Kein guter Rat für die Ethik

Ein neuer Ethikrat wird gebildet. Doch für ethische Bedenken ist darin wenig Platz

BERLIN taz ■ So umstritten seine Themen sind, so umstritten ist er selbst: Der Deutsche Ethikrat, der heute im Bundestag verabschiedet werden soll. Er wird ab 1. Juli der Nachfolger des Nationalen Ethikrates, den Exkanzler Gerhard Schröder 2001 einführte.

Seine Aufgaben bleiben dieselben. Er soll die Bundesregierung in bioethischen Fragen beraten, wie: Dürfen Embryonen erzeugt werden, um für die Forschung Zellen zu gewinnen? Neu ist dagegen, dass diesmal der Bundestag über die Einführung abstimmen und die Hälfte der Ratsmitglieder bestimmen darf. Die Regierung ernennt die andere Hälfte. Damit will die große Koalition die Kritik vermeiden, die dem Schröder’schen Ethikrat bis heute anhängt: Er sei nicht demokratisch legitimiert. In der Praxis ändert das allerdings wenig: Die Regierungsfraktionen dominieren den bis zu 26 Mitglieder starken Rat. Die Oppositionsfraktionen dürfen je einen Vertreter benennen.

Die Hoffnung der Opposition auf mehr Einfluss ist daher gering. Das trifft vor allem Grüne und Linksfraktion, die in ethischen Fragen oft anderer Meinung sind als die Koalition. Im bisherigen Ethikrat dominieren bereits die „Forschungsfreunde“. Sie sind gegen restriktive Vorgaben, etwa bei der Stammzellenforschung. Das war von Wirtschaftskanzler Schröder so gewollt – und wird sich auch nicht ändern. Zwar gibt es in der Union zu ethischen Fragen zwei Flügel: Die Lebensschützer und den Wirtschaftsflügel. Zu Oppositionszeiten suchten Letztere aus taktischen Gründen oft die Nähe der Grünen, die ebenfalls zu den ethischen Bedenkenträgern gehören. Doch jetzt wird fast ausschließlich der forschungsfreudige Flügel um Bildungsministerin Annette Schavan, Katharina Reiche und Peter Hinze wahrgenommen – unterstützt von der Kanzlerin persönlich.

Die Abgeordneten, die strenge Ethikregeln befürworten, geraten weiter ins Hintertreffen. Grüne und Linksfraktion legen daher heute eigene Anträge im Bundestag vor –mit identischem Wortlaut, aber dennoch getrennt, denn die Grünen wollten keinen dunkelrotgrünen Antrag: Sie plädieren für ein Ethik-Komitee anstelle eines Rates. In diesem sollen Abgeordnete und Experten gemeinsam sitzen.

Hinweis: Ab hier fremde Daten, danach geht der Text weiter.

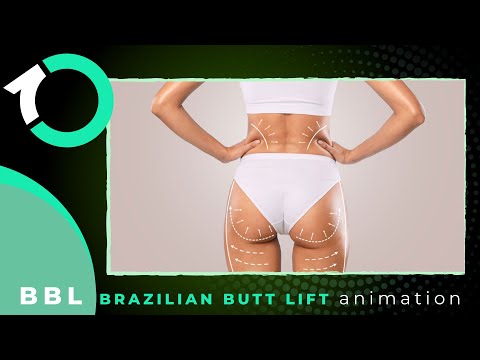Hourglass Brazilian Butt Lift (BBL) - Surgical Procedure - One Clinic Patient Review Video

Auch die FDP, traditionell forschungsfreundlich, mahnt mehr parlamentarische Kontrolle an. Sie fordert die „Einrichtung eines parlamentarischen Beirates für Bio- und Medizinethik“ als Gegengewicht zum Ethikrat.

Doch die große Koalition wird sich auch hier durchsetzen und ihren eigenen, sehr viel zahmeren „parlamentarischen Beirat“ verabschieden. Er soll die Enquete-Kommission des Bundestags „Ethik und Recht“ ersetzen. Für den parlamentarischen Geschäftsführer der Grünen Volker Beck ist dieser Beirat ein „demokratischer Aberwitz“.